- Requirement: Every line from the one with "SHOE HORNS, SALT PEPPER SHAKERS ETC" to the final line of the records should be printed exactly as it is, with pictures left out.

- Extracted records:
* * * * *

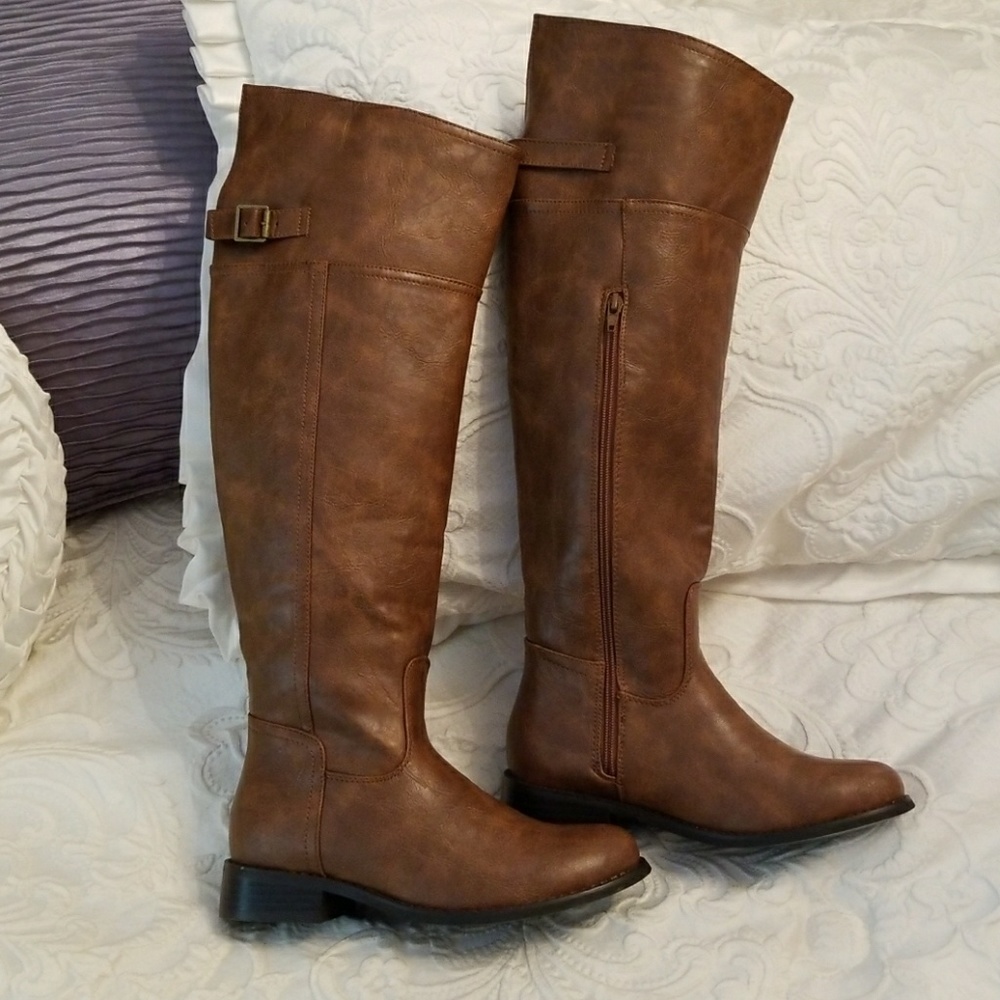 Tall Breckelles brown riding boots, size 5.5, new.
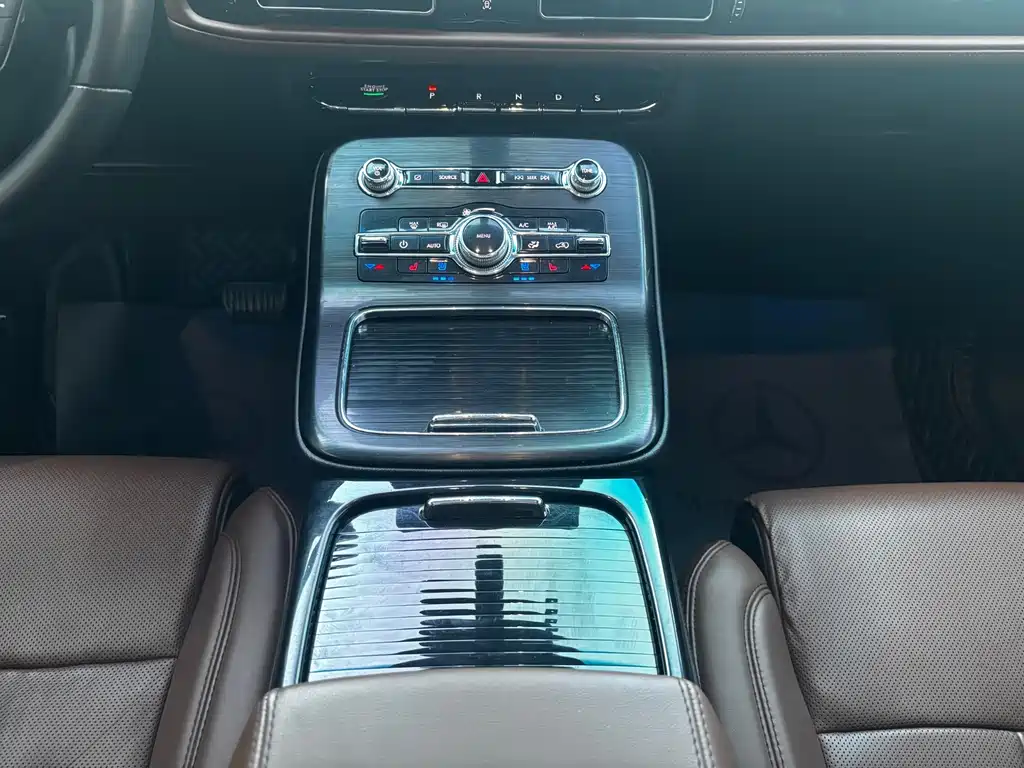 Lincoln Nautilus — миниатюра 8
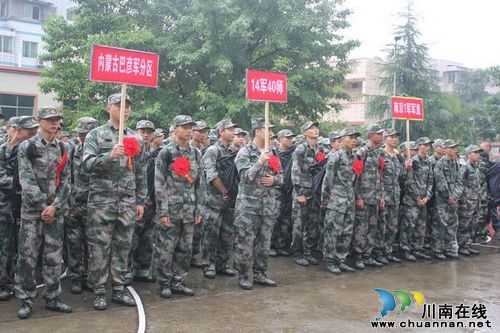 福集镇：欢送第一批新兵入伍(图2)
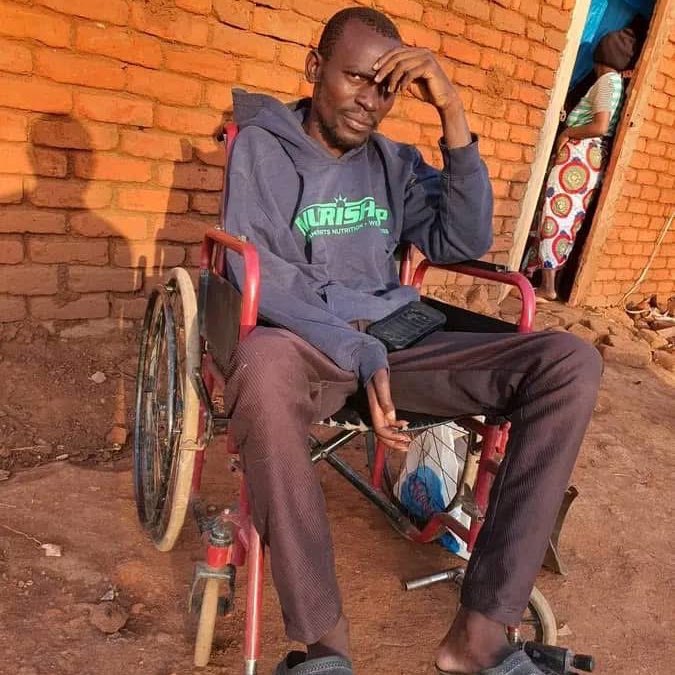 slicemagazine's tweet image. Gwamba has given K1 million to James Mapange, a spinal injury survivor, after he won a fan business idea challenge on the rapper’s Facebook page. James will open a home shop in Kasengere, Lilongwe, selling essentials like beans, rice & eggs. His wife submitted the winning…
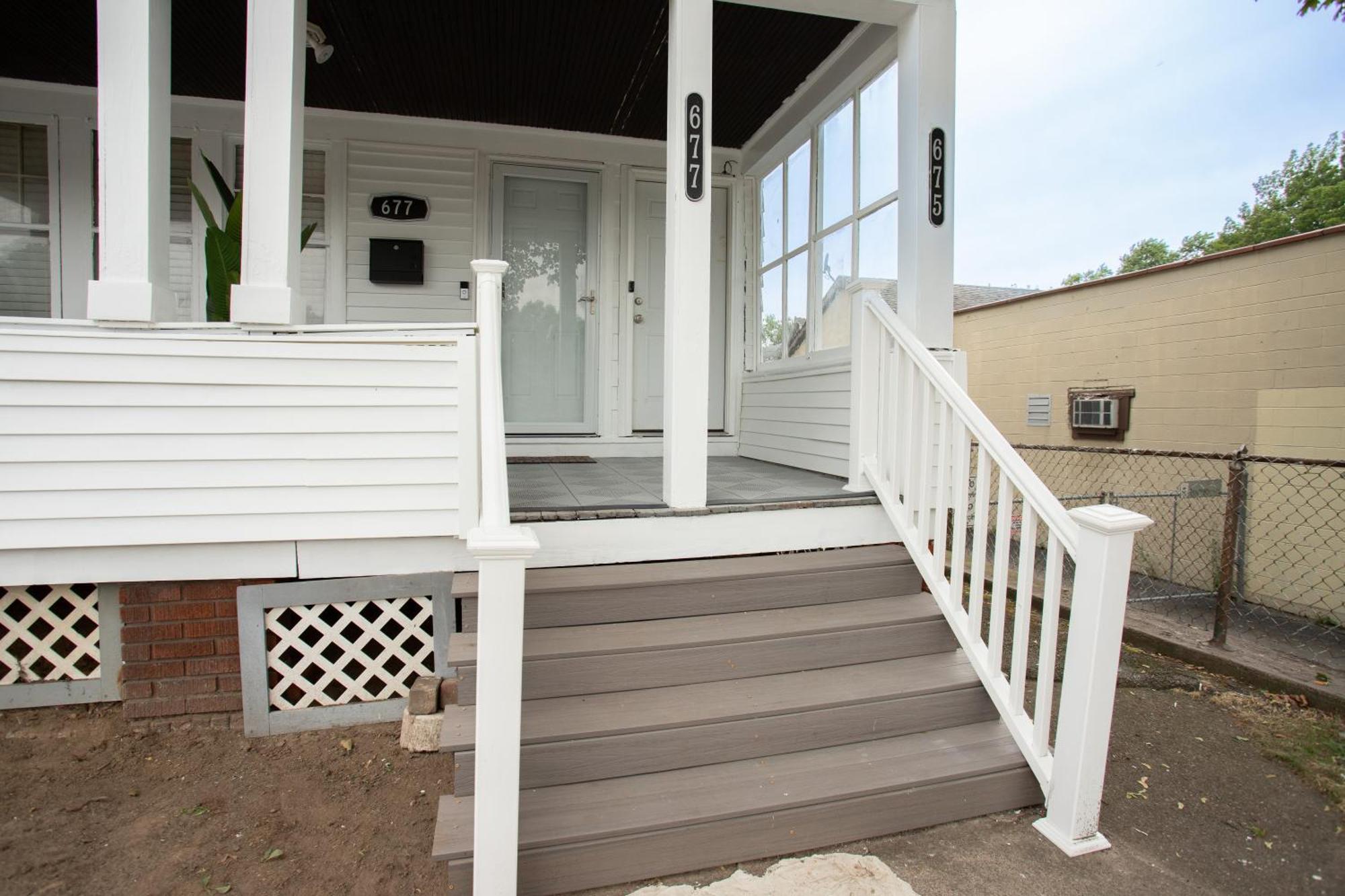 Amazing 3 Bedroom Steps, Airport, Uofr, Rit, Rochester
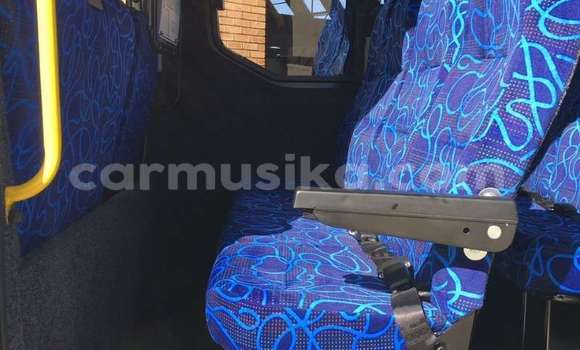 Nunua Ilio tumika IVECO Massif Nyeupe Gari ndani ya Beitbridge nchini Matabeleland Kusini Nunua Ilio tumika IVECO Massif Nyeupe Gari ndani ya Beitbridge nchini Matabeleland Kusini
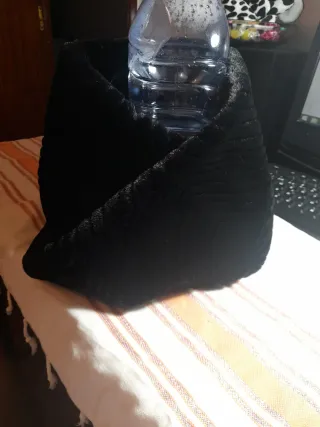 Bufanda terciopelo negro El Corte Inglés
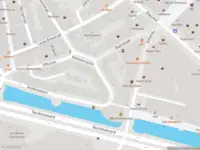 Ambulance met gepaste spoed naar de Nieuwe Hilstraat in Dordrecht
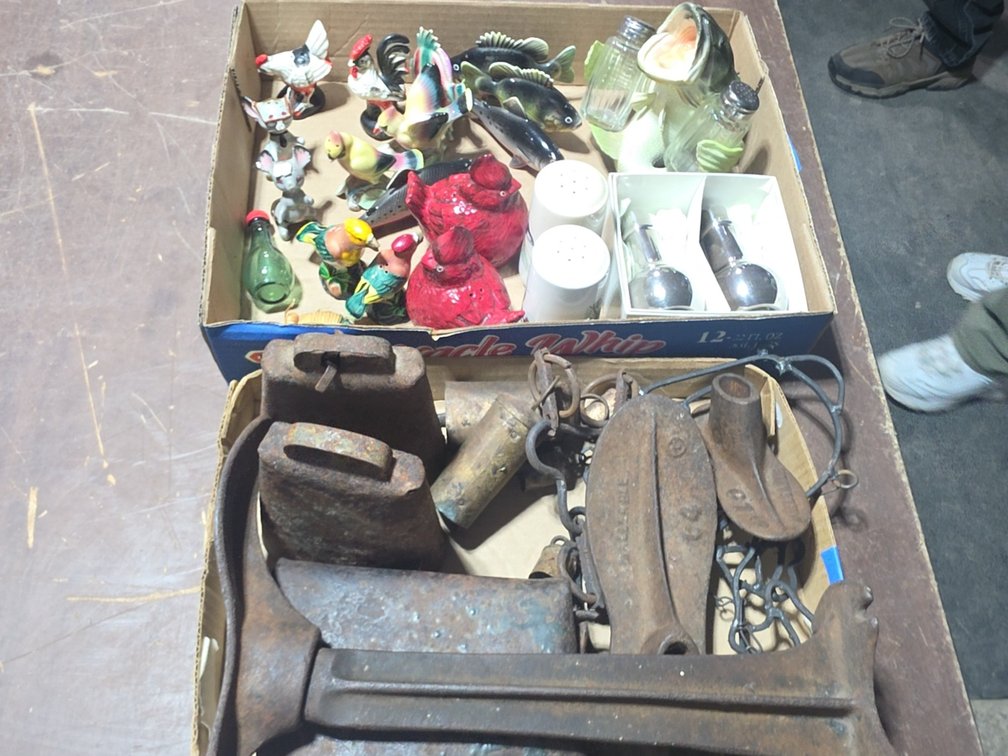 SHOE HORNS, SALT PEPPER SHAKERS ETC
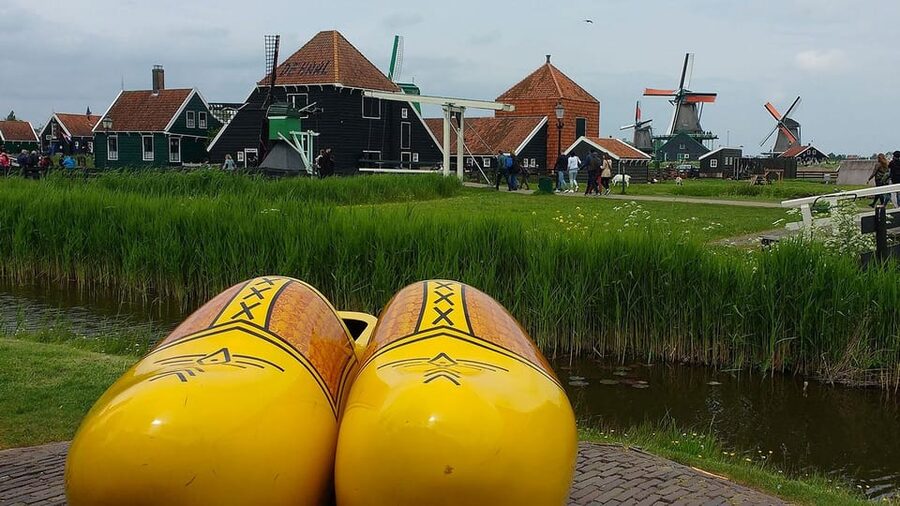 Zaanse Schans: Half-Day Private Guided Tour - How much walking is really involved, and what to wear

* * * * *

- Output of the exercise:
 SHOE HORNS, SALT PEPPER SHAKERS ETC
 Zaanse Schans: Half-Day Private Guided Tour - How much walking is really involved, and what to wear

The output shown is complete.